(SOURCE MATERIAL begins)

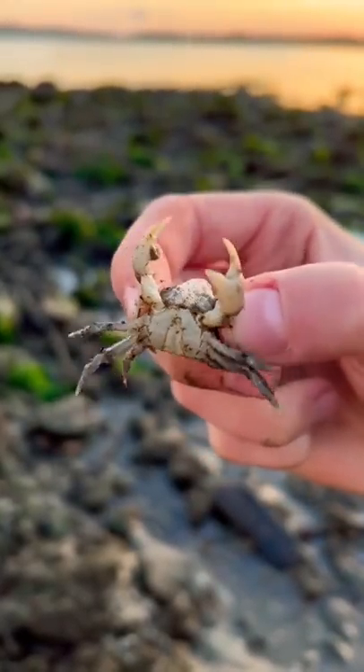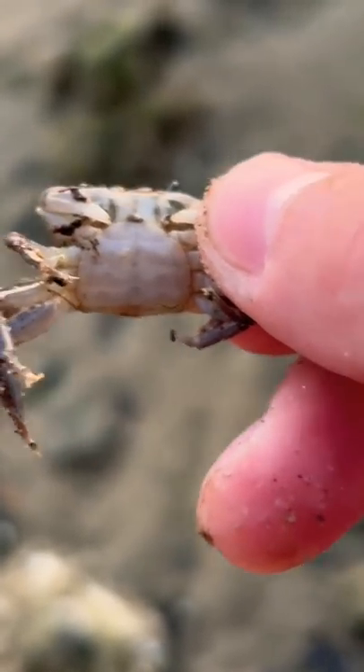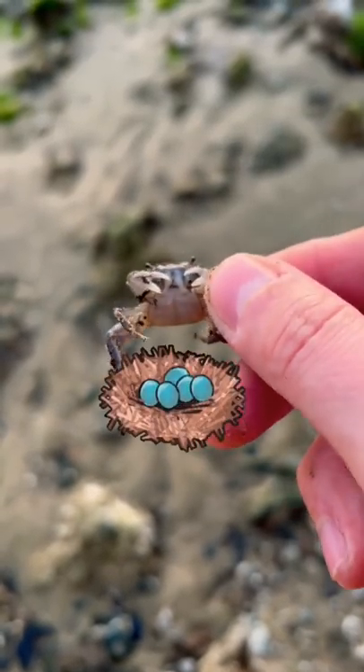Let's take a look at what a female looks like. Here we have a female, and as you can see, the little triangle on the bottom is very wide — it's not even a triangle at this point. This is the area of the female crab where they carry the eggs.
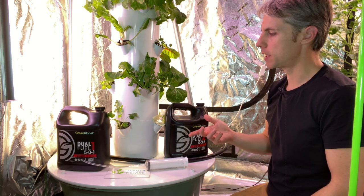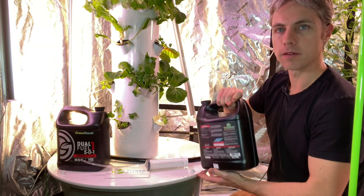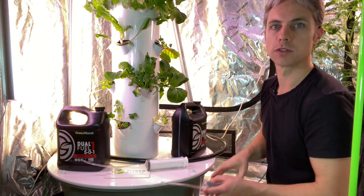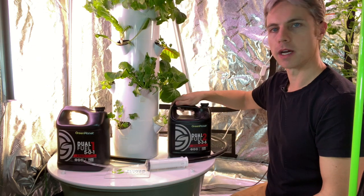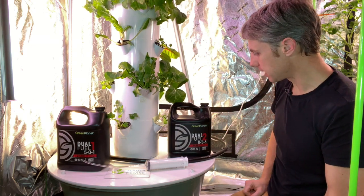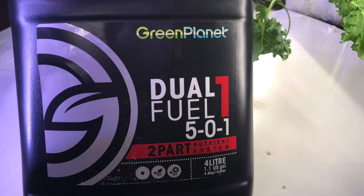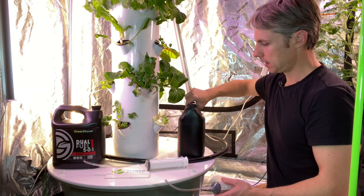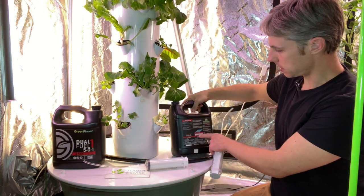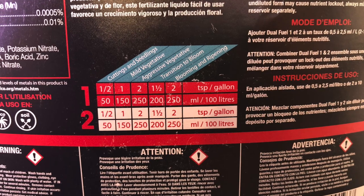Normally I use a measuring cup and I just pour it in, but it's a little bit awkward and I often get a little bit of spill, so I'm just trying to avoid that. I've got my two-part nutrients — I'm using the Green Planet Dual Fuel parts one and two. We got a 501 and an 036, and on the directions on the back it says 'aggressive vegetative,' which is what I'm aiming for.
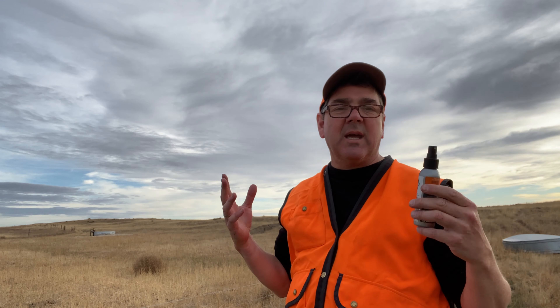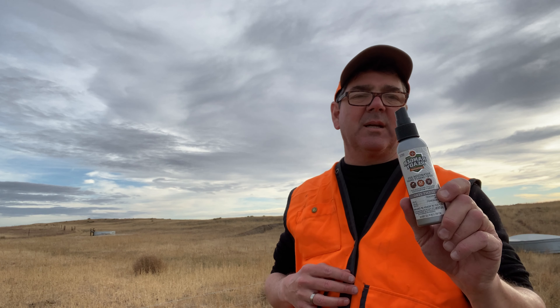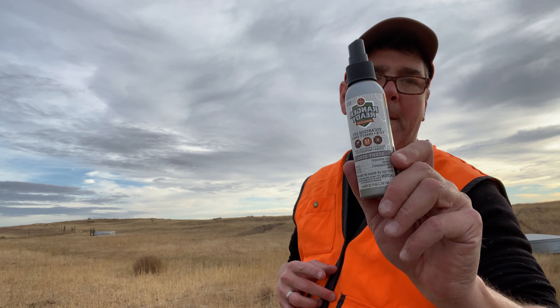Ranger Ready Picaridin — we're going to be out hunting all week. It's actually going to be 74 degrees, so tomorrow while we're in the whitetail woods I expect it's going to be mosquito hell. This is really the main thing I carry in my pack — scent zero Ranger Ready, it's exactly what you need in the outdoors.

(SOURCE MATERIAL ends)

** HOW TO COMPLETE THIS TASK **
Your copy of the material above should be exact and free of pictures.

** COMPLETED EXERCISE **
Let's take a look at what a female looks like. Here we have a female, and as you can see, the little triangle on the bottom is very wide — it's not even a triangle at this point. This is the area of the female crab where they carry the eggs.
Normally I use a measuring cup and I just pour it in, but it's a little bit awkward and I often get a little bit of spill, so I'm just trying to avoid that. I've got my two-part nutrients — I'm using the Green Planet Dual Fuel parts one and two. We got a 501 and an 036, and on the directions on the back it says 'aggressive vegetative,' which is what I'm aiming for.
Ranger Ready Picaridin — we're going to be out hunting all week. It's actually going to be 74 degrees, so tomorrow while we're in the whitetail woods I expect it's going to be mosquito hell. This is really the main thing I carry in my pack — scent zero Ranger Ready, it's exactly what you need in the outdoors.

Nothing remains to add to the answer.